Nesta obra, que considero uma das melhores de sua carreira, ela rejeita qualquer coesão ou estrutura de continuidade, abordando a exclusão social pelas lembranças daqueles que testemunharam (em menor ou maior investimento emocional) a passagem da jovem Mona Bergeron (Sandrine Bonnaire), uma incógnita fascinante.
Escolhendo apresentar a personagem nos primeiros minutos, como um corpo congelado numa vala e sem vida, enquanto a narradora (Varda) questiona: “Fico imaginando se ela ainda vive na lembrança daqueles que a conheceram quando criança. Aqueles que ela encontrou recentemente recordam-se dela, pois ela os marcou”. Para nós, assim como para a narradora, aquela jovem foi trazida pelas ondas do oceano misterioso chamado: passado.
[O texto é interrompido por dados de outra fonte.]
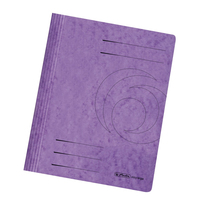 herlitz Schnellhefter Quality Karton violett DIN A4, 1 St
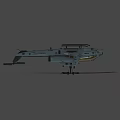 Military Attack Helicopter with Rotor Weapon Mounts Gray Number 16 Cockpit for Combat Operations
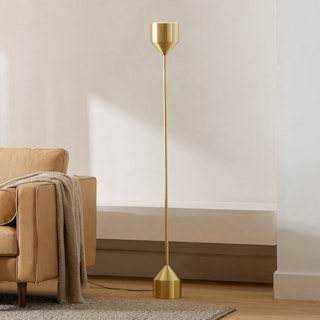 Barbell Brass Floor Lamp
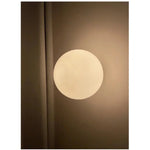 lampe murale moderne led blanc doré opale 10cm 12cm 15cm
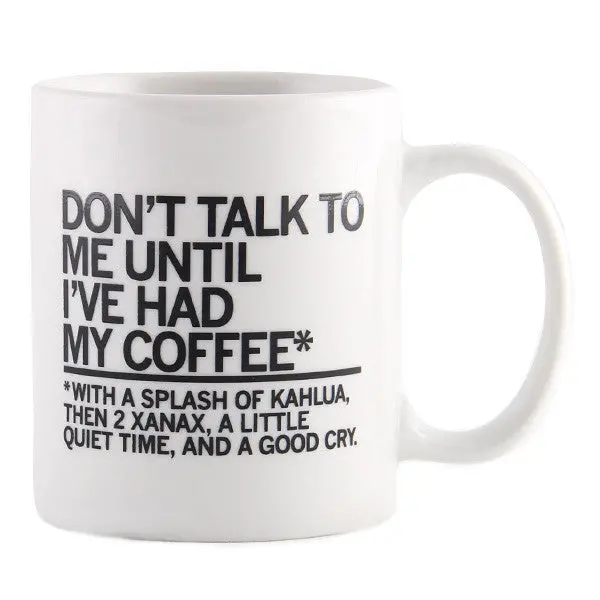 Coffee, Kahlua, Xanax Mug 1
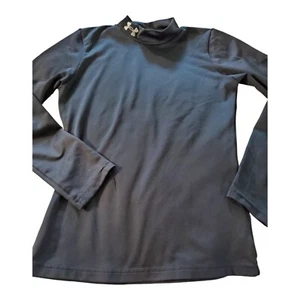 Under Armour Youth YMD Black Compression Long Sleeve Coldgear Mock Turtleneck - Picture 1 of 4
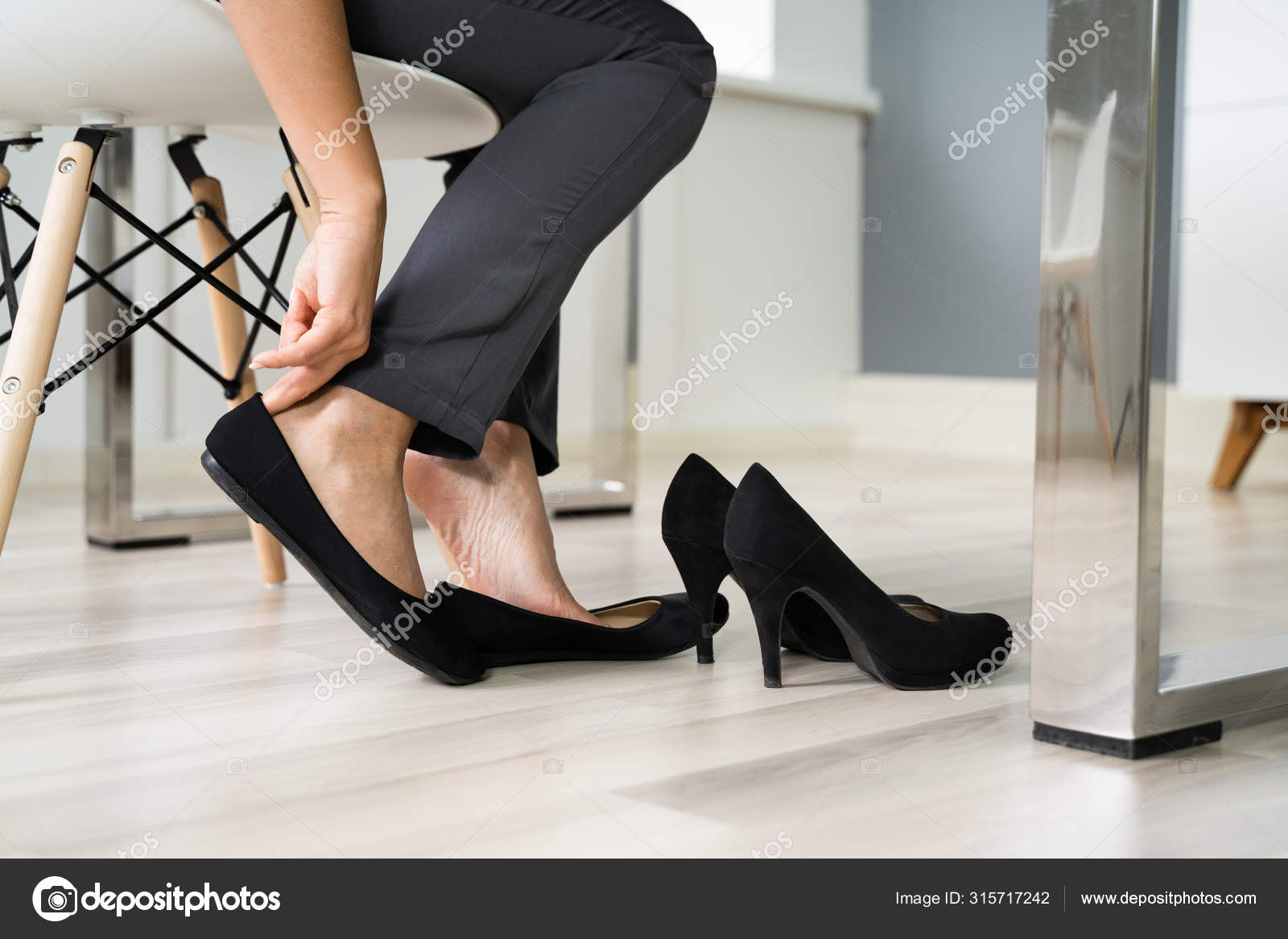 NobleOnly Womens Platform Wedge Pumps Comfortable Slip-on 4Inch Heel –  Castamere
Varda escolhe então mostrá-la saindo do mar, como uma nova Eva em um paraíso de incertezas. Não existe promessa de descobertas a respeito das razões que a levaram ao abandono de seu conforto pelas aventuras nas estradas, mas ficamos hipnotizados imaginando as várias possibilidades.
As pessoas se sentem atraídas por ela, não por simpatia (ela beira a apatia, com exceção de uma cena em que procura acarinhar uma criança), mas por enxergar em suas espontâneas atitudes uma “cura” para suas limitações autoimpostas, por medo ou covardia.
Uma menina afirma querer ser livre como ela, enquanto uma senhora idosa extravasa com ela a consciência de que seus familiares torcem para que ela desapareça, para que possam seguir suas vidas. As gargalhadas de ambas, incentivadas pelo álcool, revelam-se um golpe de cruéis verdades desferido no estômago de uma sociedade hipócrita.
Em dado momento, uma das jovens que atravessaram o caminho de Mona, romantiza a relação dela com um rapaz, como sendo sua visão idealizada de amor verdadeiro. Pouco tempo depois, Varda contradiz o discurso, mostrando o rapaz afirmando que seu amor pela garota era motivado pela quantidade de psicotrópicos que ambos ingeriam juntos.
O público é então presenteado com duas versões, ainda distantes daquela realidade intocável. Mona parece ser uma força da natureza, um elemento que se recusa a ser subjugado pela alienação generalizada.